▸ **DATA PROVIDED**:
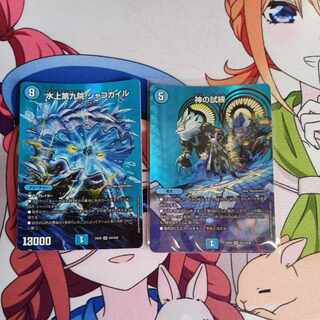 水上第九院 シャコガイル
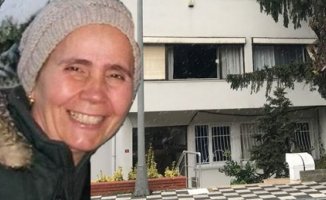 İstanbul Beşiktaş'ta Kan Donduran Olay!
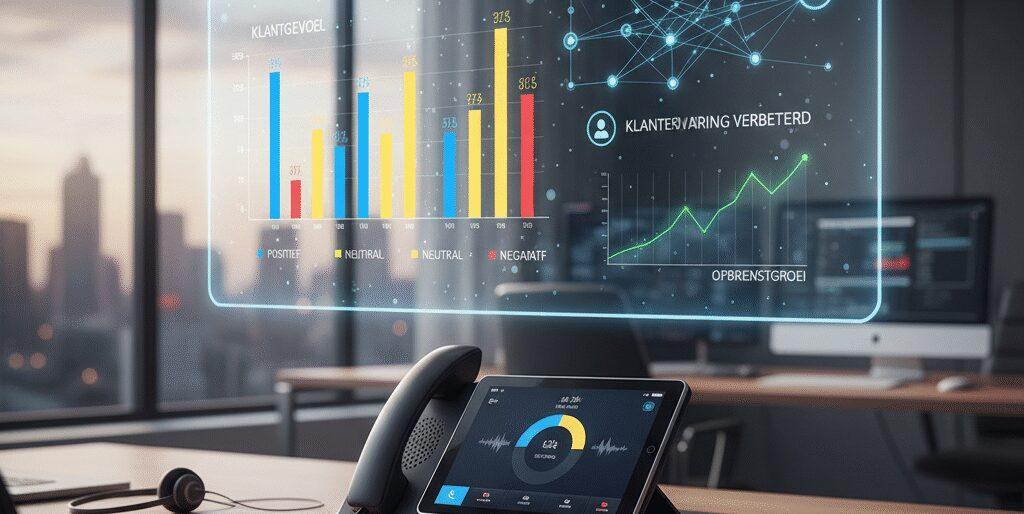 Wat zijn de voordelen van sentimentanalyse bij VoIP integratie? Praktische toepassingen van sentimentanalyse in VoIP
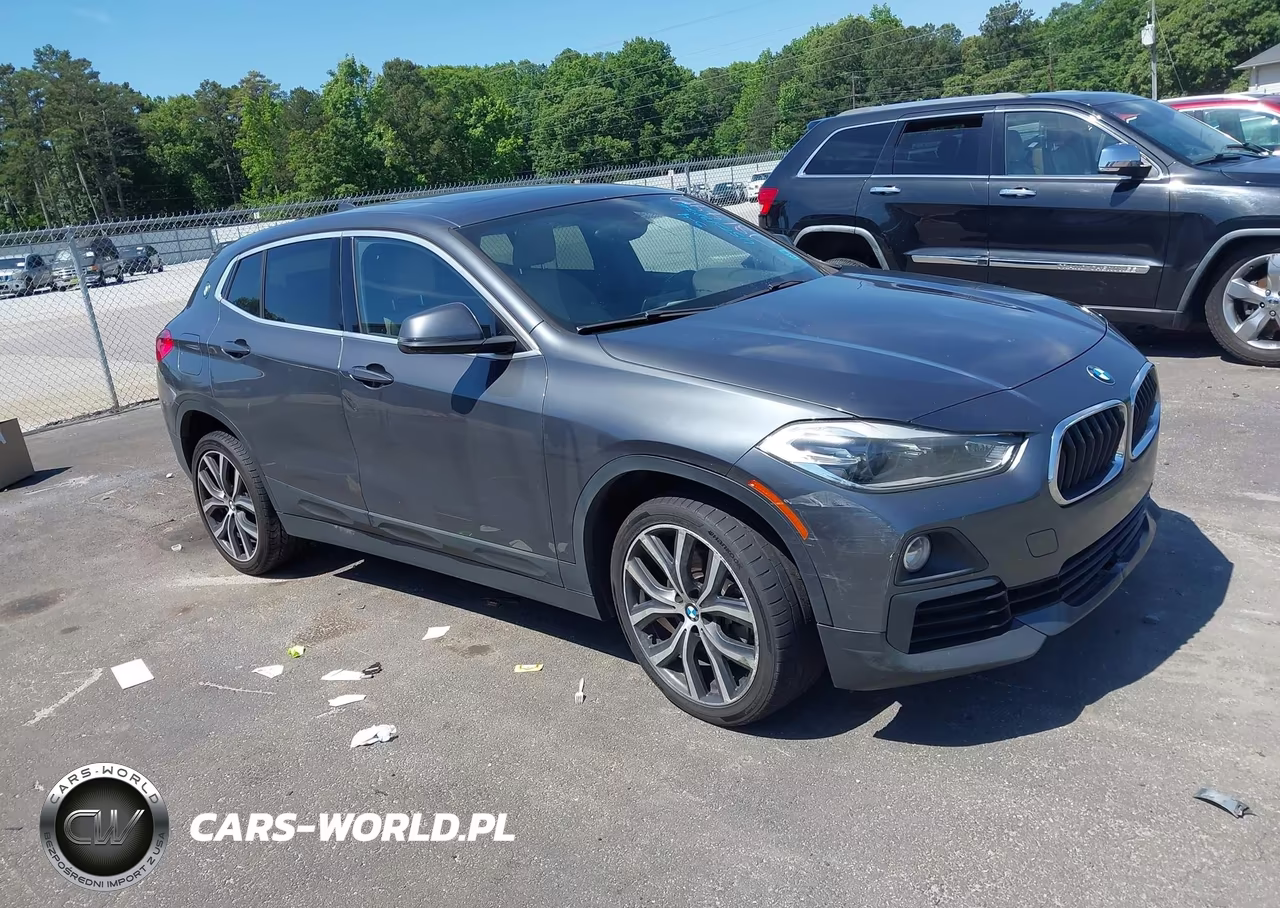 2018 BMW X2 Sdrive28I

--

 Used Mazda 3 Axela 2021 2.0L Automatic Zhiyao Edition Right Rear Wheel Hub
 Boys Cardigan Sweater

...

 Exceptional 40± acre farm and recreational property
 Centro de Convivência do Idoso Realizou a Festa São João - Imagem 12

▸ **ABOUT THIS TASK**: In the listing above, find the line with "水上第九院 シャコガイル" and the line with "2018 BMW X2 Sdrive28I". Transcribe those two and everything between, exactly, leaving out pictures.

▸ **COMPLETED EXERCISE**:
 水上第九院 シャコガイル
 İstanbul Beşiktaş'ta Kan Donduran Olay!
 Wat zijn de voordelen van sentimentanalyse bij VoIP integratie? Praktische toepassingen van sentimentanalyse in VoIP
 2018 BMW X2 Sdrive28I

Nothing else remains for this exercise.